Todays readings.. Deuteronomy 30, Isaiah 2, Acts 28

“THE HAUGHTINESS OF MAN SHALL BE HUMBLED” May 13th

We have 3 most instructive chapters today.  In Deuteronomy ch. 30 Moses’ continues his final message of encouragement to his people – that the Lord “will bring you into the land that your fathers possessed, that you may possess it. And he will make you more prosperous and numerous than your fathers.  And the LORD your God will circumcise your heart …” [v.5,6]  Our attitude of heart is essential – to be “cut to the heart” as Peter’s hearers were on the day of Pentecost [Acts 2 v.37]

The experiences of the Israelites as they left the wilderness, in which all their parents had died, is instructive. Moses had brought them close to God, he told them “…the word is very near you.

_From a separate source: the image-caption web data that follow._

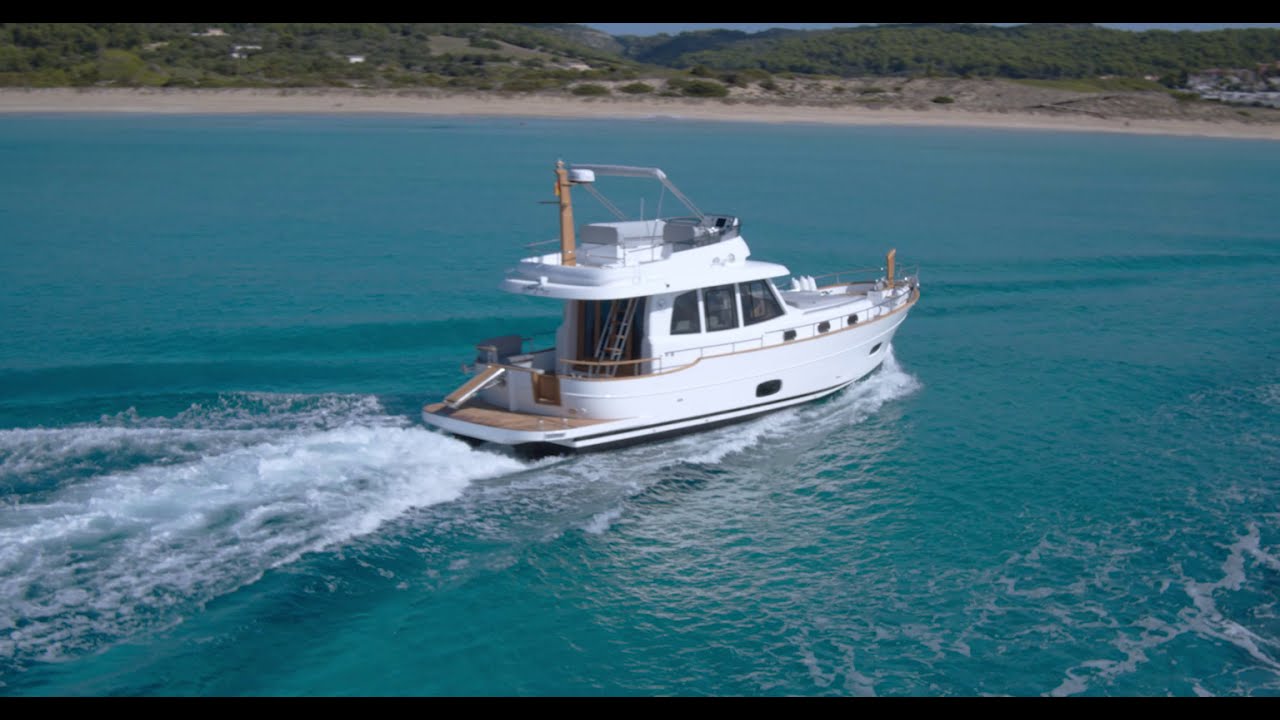 New Menorquin 42 Flybridge.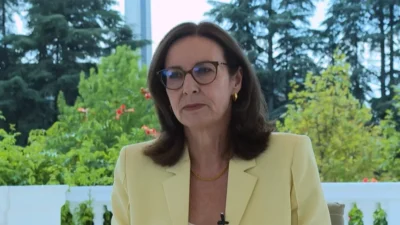İngiltere’nin Ankara Büyükelçisi Jennifer Elizabeth Anderson, Türkiye’ye dönüşünün ardından verdiği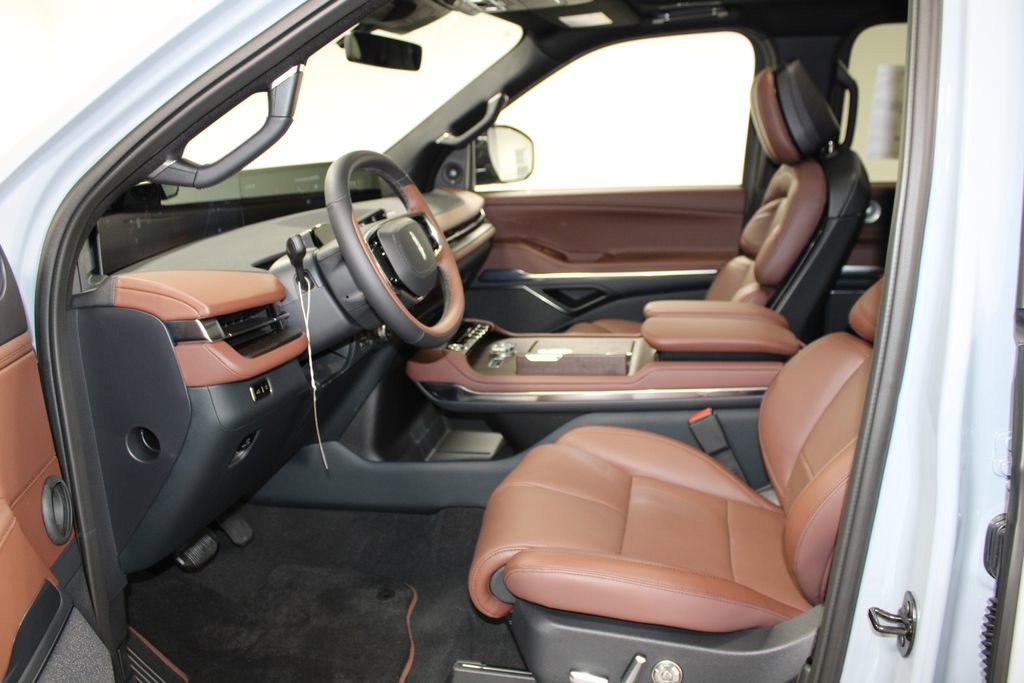 New 2025 Lincoln Navigator Reserve image 25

It is in your mouth and in your heart, so that you can do it.”[v.14] And it is in our hands so that we can read and “do it” But how many do?  Do they see this world as a wilderness?  Paul like them, was in the final stages of his journey – in his mortal life – as we read today in the last chapter of Acts. Our world, as we know it now, is in its’ last stages!

Our reading in Isaiah ch. 2 offered us two contrasts – they are intensely challenging. The first is wonderful, it describes the time that is coming “in the latter days” when “out of Zion shall go the law, and the word of the LORD from Jerusalem.  He shall judge between the nations …” [v.2-4] How close are we to that day!?  But before that ‘day’ “the LORD of hosts has a day against all that is proud and lofty … against all the lofty mountains …” [v.12,14]  And we think of the lofty mountains in Nepal!

Verse 15 awes us with its’ potential application! “Against every high tower” and we think of how buildings and towers have been built to incredible heights in recent years!  And when we come to Isaiah 30 v.25 we will read of “the day of the great slaughter, when the towers fall.”

Back in ch. 2 we see the time described when “people shall enter the caves of the rocks and the holes of the ground, from before the terror of the LORD, and from the splendour of his majesty, when he rises to terrify the earth.” [v.19]  The opening verses we read described the “splendour of his majesty” and so ” the haughtiness of man shall be humbled, and the lofty pride of men shall be brought low and the LORD alone will be exalted in that day” [v.17]

Will you and I be there to see “the splendour of his majesty”?  Isaiah invited his fellows (and surely this invitation is for us today)  “O house of Jacob, come, let us walk in the light of the LORD.  Let us all make it clear to our Lord that we are walking in the light – today – and every day.